RECORDED INFORMATION below:

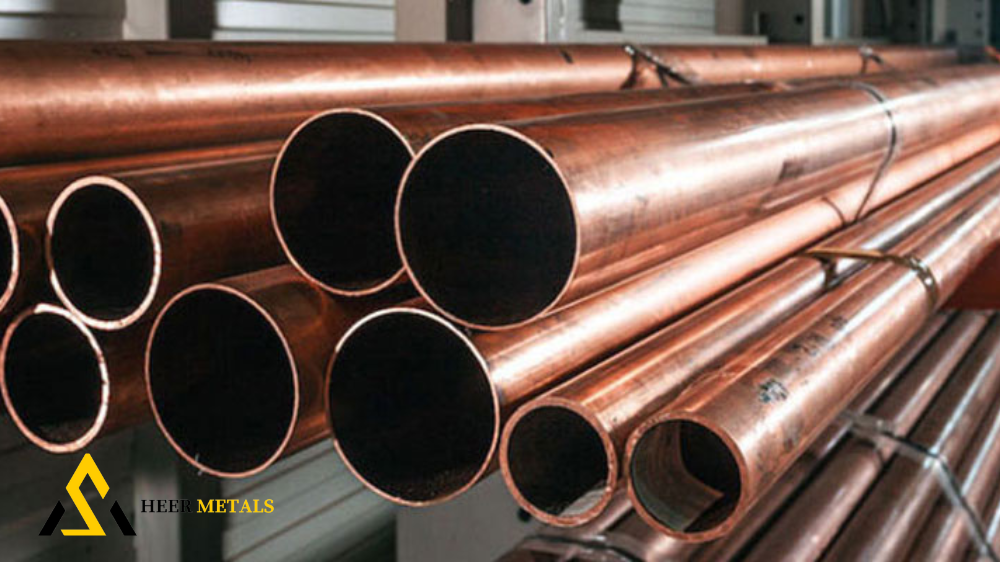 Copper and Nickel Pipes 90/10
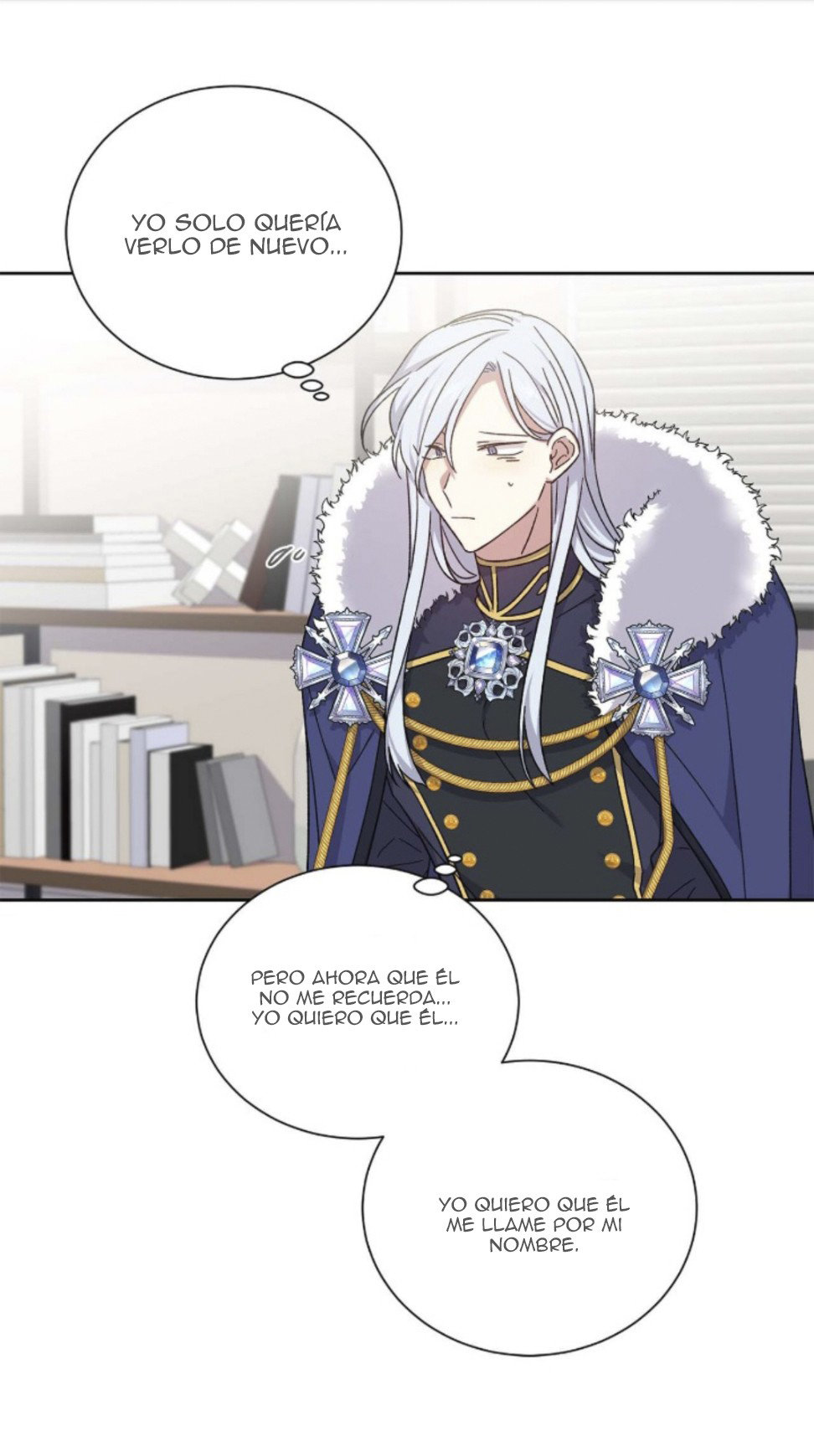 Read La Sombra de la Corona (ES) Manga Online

End of RECORDED INFORMATION.
RECORDED INFORMATION below:

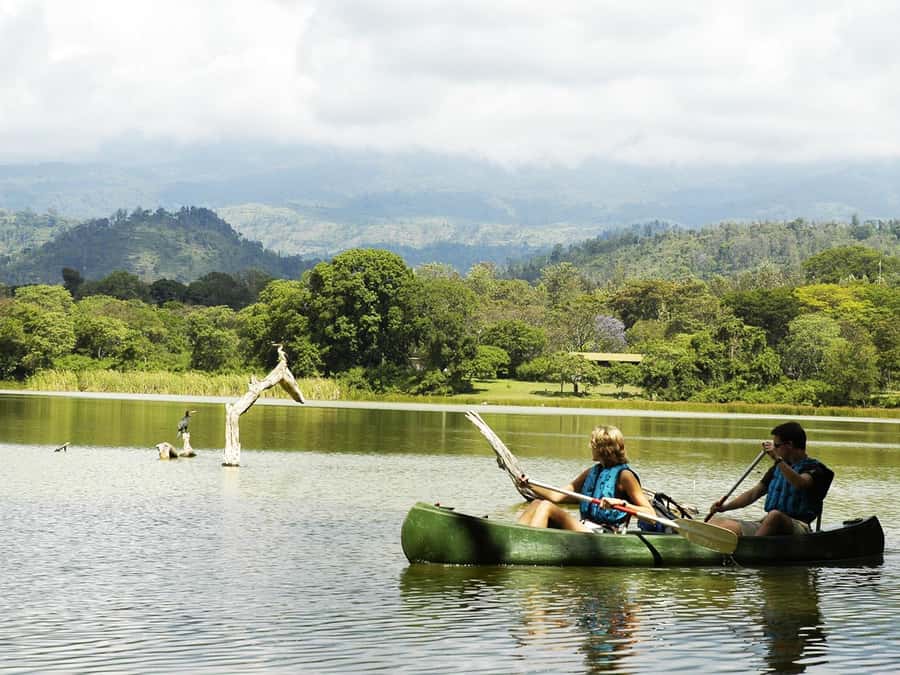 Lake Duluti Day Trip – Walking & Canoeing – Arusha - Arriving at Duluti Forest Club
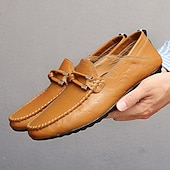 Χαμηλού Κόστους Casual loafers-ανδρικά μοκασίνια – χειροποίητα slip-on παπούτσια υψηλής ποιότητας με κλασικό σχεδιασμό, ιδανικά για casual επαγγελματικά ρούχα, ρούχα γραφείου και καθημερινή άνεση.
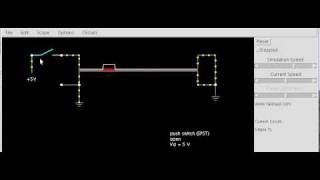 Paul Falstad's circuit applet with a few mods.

End of RECORDED INFORMATION.

▸ WORK ORDER: Above is the material; set down exactly its lines from the one containing "Copper and Nickel Pipes 90/10" down to the one containing "Read La Sombra", both included, leaving out any pictures.

▸ RESPONSE TO THE TASK:
 Copper and Nickel Pipes 90/10
 Read La Sombra de la Corona (ES) Manga Online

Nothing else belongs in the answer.